The shared library can be found in the following location:
```bash
cpp/build/tensorrt_llm/libtensorrt_llm.so
```
In addition, link against the library containing the LLM plugins for TensorRT.
```bash
cpp/build/tensorrt_llm/plugins/libnvinfer_plugin_tensorrt_llm.so
```
#### Supported C++ Header Files
When using TensorRT LLM, you need to add the `cpp` and `cpp/include` directories to the project's include paths. Only header files contained in `cpp/include` are part of the supported API and may be directly included. Other headers contained under `cpp` should not be included directly since they might change in future versions.

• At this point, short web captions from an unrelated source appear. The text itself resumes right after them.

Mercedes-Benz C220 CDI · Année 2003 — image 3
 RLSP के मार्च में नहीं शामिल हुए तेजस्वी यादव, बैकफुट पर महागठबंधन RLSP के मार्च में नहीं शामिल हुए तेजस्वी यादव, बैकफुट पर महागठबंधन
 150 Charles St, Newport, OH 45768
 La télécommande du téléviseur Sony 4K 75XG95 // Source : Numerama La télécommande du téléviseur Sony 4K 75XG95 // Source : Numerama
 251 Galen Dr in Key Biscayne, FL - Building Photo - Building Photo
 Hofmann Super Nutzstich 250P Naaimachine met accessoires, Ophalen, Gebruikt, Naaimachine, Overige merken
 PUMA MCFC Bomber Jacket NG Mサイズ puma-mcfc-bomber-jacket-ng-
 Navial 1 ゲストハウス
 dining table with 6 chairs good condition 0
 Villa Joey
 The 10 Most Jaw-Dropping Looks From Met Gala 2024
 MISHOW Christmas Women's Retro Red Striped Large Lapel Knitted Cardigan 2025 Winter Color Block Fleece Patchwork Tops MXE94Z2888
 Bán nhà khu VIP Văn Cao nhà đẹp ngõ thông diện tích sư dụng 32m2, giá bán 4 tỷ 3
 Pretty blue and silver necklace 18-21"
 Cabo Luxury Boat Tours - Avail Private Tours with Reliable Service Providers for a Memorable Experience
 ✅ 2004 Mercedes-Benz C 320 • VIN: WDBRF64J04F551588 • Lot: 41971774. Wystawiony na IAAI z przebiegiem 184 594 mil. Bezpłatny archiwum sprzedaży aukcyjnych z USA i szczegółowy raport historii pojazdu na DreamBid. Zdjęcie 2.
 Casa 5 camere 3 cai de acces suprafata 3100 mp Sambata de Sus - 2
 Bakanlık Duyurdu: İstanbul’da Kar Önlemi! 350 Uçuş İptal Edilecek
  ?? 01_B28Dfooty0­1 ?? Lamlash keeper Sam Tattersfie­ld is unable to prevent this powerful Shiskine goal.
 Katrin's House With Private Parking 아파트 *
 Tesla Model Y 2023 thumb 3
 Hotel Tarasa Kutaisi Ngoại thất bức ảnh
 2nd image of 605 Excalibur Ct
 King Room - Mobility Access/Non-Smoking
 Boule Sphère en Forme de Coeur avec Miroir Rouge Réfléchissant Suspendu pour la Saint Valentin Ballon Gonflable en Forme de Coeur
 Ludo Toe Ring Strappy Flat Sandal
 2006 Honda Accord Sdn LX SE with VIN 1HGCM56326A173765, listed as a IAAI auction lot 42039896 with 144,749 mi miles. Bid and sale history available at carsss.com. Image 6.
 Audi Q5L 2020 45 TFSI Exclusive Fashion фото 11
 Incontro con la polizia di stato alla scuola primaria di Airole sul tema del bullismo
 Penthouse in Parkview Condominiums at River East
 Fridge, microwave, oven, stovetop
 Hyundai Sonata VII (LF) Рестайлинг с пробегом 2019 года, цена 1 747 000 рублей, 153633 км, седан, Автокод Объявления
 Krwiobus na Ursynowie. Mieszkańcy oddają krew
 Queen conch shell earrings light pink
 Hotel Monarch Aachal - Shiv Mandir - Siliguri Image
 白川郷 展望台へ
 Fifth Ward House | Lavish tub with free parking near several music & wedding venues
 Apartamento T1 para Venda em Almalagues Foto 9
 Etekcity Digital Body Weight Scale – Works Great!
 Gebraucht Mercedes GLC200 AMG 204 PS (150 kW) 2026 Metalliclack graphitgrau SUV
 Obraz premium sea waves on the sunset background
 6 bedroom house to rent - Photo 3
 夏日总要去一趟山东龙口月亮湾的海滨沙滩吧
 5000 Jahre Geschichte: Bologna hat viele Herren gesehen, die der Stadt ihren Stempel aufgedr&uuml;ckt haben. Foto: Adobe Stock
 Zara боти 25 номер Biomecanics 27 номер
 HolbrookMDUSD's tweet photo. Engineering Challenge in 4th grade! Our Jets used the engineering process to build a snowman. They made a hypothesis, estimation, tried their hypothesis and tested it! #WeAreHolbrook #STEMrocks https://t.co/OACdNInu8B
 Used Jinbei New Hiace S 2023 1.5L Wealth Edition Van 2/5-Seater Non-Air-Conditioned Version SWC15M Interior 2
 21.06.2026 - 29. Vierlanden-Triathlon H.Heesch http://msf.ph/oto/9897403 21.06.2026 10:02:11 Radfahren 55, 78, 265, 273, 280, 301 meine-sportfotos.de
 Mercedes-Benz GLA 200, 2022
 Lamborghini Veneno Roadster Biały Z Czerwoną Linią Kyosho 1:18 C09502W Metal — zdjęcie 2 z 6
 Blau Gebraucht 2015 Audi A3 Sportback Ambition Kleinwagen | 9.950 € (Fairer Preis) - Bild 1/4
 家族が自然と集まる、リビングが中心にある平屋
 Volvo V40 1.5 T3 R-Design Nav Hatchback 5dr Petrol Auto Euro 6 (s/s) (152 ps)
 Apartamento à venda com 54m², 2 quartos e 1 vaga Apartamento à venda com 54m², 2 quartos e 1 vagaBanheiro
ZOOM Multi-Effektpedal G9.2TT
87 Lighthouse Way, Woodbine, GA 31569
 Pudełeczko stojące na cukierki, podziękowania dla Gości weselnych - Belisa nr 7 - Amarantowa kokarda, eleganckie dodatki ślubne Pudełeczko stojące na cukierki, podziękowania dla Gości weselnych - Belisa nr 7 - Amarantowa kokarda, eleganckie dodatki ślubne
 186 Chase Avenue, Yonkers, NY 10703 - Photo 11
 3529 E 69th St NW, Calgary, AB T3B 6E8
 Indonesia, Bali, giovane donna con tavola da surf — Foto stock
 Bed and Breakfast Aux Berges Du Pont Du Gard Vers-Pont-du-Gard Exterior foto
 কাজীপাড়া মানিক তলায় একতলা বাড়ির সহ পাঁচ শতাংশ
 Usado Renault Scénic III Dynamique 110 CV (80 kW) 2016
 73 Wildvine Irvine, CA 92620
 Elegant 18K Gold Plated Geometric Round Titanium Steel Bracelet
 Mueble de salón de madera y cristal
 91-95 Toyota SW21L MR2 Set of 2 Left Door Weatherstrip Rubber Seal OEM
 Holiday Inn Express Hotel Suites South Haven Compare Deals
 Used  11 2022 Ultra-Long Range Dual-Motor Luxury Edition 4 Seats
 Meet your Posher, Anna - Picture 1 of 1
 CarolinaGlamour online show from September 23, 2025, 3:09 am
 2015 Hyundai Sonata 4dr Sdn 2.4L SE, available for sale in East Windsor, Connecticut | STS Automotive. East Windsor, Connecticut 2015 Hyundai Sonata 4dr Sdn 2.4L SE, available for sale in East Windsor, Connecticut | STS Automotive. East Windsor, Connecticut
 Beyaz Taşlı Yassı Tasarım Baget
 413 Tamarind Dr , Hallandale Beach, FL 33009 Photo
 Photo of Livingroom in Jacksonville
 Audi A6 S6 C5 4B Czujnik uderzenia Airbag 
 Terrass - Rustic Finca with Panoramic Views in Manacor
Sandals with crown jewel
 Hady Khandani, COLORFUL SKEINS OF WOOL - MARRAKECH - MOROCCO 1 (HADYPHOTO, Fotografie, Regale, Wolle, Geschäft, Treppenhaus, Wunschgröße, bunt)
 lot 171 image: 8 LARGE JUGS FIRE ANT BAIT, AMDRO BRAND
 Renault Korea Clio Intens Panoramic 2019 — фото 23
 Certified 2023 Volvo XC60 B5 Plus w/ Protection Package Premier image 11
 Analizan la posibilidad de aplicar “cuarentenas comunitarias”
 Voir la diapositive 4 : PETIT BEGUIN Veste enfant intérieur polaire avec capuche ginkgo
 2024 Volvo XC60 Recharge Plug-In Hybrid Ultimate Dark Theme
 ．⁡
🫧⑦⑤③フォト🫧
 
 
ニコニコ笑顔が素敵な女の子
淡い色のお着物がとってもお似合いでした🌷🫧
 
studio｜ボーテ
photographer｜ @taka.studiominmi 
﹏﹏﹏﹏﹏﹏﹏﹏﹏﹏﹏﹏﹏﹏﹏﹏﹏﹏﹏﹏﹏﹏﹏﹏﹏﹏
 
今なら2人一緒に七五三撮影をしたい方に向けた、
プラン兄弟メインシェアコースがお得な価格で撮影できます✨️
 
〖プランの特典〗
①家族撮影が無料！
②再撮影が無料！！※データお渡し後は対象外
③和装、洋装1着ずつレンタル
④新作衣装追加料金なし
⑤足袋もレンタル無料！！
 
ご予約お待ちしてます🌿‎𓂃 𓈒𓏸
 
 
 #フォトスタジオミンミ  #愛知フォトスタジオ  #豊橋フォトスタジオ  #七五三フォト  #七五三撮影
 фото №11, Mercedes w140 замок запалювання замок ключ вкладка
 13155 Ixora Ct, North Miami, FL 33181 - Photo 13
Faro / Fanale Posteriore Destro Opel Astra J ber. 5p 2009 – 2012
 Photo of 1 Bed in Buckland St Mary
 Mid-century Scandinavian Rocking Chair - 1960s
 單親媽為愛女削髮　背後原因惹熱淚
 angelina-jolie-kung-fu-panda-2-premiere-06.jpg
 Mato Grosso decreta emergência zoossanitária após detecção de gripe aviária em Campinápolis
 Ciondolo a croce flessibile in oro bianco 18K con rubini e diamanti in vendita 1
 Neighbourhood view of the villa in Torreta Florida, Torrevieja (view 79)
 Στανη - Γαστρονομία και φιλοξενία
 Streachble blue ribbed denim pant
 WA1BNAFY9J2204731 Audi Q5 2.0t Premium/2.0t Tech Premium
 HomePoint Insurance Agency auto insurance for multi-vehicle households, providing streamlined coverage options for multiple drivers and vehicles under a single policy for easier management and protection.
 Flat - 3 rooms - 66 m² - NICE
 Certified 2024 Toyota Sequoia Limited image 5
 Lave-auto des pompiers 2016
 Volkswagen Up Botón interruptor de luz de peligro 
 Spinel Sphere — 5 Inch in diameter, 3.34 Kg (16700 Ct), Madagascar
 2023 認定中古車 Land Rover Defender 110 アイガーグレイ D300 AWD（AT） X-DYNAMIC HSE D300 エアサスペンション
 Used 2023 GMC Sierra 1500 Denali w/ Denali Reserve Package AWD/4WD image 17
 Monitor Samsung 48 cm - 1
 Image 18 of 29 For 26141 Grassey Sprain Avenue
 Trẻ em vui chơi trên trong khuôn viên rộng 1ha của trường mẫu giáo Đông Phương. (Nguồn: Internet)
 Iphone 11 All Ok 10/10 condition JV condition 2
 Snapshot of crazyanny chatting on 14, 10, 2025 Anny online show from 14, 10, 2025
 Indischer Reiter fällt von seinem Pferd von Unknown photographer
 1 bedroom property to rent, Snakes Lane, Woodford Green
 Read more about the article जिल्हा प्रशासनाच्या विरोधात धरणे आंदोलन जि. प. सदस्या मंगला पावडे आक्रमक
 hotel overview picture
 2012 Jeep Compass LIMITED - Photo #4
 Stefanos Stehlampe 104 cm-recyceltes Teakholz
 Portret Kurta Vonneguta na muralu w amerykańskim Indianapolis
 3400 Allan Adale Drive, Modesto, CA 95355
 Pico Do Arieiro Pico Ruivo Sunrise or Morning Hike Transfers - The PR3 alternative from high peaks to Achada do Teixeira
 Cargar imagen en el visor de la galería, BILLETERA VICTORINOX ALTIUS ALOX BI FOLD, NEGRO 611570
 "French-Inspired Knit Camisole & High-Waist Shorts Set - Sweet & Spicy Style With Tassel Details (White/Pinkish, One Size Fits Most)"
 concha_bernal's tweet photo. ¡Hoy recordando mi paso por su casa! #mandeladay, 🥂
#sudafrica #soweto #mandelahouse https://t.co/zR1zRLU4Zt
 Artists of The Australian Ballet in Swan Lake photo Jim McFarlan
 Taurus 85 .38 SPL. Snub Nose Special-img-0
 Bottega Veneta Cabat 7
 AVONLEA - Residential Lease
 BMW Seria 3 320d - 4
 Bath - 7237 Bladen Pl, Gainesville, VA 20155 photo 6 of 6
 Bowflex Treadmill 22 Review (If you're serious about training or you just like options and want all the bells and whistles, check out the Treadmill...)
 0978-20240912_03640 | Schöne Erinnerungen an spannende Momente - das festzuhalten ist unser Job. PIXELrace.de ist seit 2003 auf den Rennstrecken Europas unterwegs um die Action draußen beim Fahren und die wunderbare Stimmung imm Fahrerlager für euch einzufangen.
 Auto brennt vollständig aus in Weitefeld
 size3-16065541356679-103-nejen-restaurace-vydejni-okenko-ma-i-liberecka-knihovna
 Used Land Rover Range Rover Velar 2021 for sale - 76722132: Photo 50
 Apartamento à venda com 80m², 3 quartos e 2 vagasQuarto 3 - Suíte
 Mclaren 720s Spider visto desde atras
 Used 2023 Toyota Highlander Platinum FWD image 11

### Option 2: Python-Only Build without C++ Compilation
If you only need to modify Python code, it is possible to package and install TensorRT LLM without compilation.
```bash
# Package TensorRT LLM wheel.
TRTLLM_USE_PRECOMPILED=1 pip wheel . --no-deps --wheel-dir ./build
# Install TensorRT LLM wheel.
pip install ./build/tensorrt_llm*.whl
```
Alternatively, you can use editable installation for convenience during Python development.
```bash
TRTLLM_USE_PRECOMPILED=1 pip install -e .
```
Setting `TRTLLM_USE_PRECOMPILED=1` enables downloading a prebuilt wheel of the version specified in `tensorrt_llm/version.py`, extracting compiled libraries into your current directory, thus skipping C++ compilation. This version can be overridden by specifying `TRTLLM_USE_PRECOMPILED=x.y.z`.
You can specify a custom URL or local path for downloading using `TRTLLM_PRECOMPILED_LOCATION`. For example, to use version 0.16.0 from PyPI:
```bash
TRTLLM_PRECOMPILED_LOCATION=https://pypi.nvidia.com/tensorrt-llm/tensorrt_llm-0.16.0-cp312-cp312-linux_x86_64.whl pip install -e .
```
#### Known Limitations
When using `TRTLLM_PRECOMPILED_LOCATION`, ensure that your wheel is compiled based on the same version of C++ code as your current directory; any discrepancies may lead to compatibility issues.